Abstract
In a recent report in Science Signaling (DOI: 10.1126/scisignal.aaz3140), it was suggested that low intrinsic agonism, and not biased agonism, leads to an improvement in the separation of potency in opioid-induced respiratory suppression versus antinociception. Although many of the compounds that were tested have been shown to display G protein signaling bias in prior publications, the authors conclude that since they cannot detect biased agonism in their cellular signaling studies the compounds are therefore not biased agonists. Rather, they conclude that it is low intrinsic efficacy that leads to the therapeutic window improvement. Intrinsic efficacy is the extent to which an agonist can stimulate a G protein-coupled receptor (GPCR) response in a system, while biased agonism takes into consideration not only intrinsic efficacy, but also potency of an agonist in an assay. Herein, we have re-analyzed the data presented in the published work (DOI: 10.1126/scisignal.aaz3140) (including the recent Erratum: DOI: 10.1126/scisignal.abf9803) to derive intrinsic efficacy and bias factors as ΔΔlog(τ/KA) and ΔΔlog(Emax/EC50). Based on this reanalysis, the data support the conclusion that biased agonism, favoring G protein signaling, was observed. Moreover, a conservation of rank order intrinsic efficacy was not observed upon comparing responses in each assay, further suggesting that multiple active receptor states were present. These observations agree with prior studies wherein oliceridine, PZM21 and SR-17018 were first described as biased agonists with improvement in antinociception over respiratory suppression in mice. Therefore, the data in the Science Signaling manuscript does provide strong corroborating evidence that G protein signaling bias may be a means to improve opioid analgesia while avoiding certain undesirable side effects.

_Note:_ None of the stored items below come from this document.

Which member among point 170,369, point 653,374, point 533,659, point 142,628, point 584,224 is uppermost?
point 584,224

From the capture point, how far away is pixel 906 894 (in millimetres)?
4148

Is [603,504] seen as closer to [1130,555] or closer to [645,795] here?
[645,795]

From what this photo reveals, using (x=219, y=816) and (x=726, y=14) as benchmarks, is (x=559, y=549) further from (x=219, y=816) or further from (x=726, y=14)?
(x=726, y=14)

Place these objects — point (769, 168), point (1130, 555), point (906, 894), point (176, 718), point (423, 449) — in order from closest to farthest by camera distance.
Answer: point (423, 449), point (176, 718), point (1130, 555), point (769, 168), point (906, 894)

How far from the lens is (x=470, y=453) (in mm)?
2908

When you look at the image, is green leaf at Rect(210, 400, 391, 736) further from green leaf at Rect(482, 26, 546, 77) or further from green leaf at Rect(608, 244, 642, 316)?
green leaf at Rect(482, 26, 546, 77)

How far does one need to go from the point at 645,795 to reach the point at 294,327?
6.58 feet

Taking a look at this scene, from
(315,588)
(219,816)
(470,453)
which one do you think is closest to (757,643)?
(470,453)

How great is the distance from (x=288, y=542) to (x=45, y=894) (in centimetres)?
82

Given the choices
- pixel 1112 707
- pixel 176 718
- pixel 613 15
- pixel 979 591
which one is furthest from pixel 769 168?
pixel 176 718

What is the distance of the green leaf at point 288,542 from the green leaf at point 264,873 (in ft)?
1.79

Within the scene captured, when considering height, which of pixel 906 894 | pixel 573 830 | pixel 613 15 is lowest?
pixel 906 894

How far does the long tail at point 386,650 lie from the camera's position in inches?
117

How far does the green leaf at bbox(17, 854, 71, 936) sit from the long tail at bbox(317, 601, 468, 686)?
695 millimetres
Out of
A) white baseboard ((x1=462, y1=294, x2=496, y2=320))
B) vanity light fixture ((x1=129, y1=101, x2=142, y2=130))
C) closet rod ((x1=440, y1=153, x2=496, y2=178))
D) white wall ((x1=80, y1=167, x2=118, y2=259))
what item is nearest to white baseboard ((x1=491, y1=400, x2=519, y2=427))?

Competing Interest Statement
The authors have declared no competing interest.
Footnotes
lbohn{at}scripps.edu
This version has been modified to account for an erratum published by the authors of the Gillis et al., 2020 Science Signaling paper. This required reanalysis of most parameters presented in the first edition (to account for the changes that were made). We also included an additional 2 figures and provide an additional means of analysis.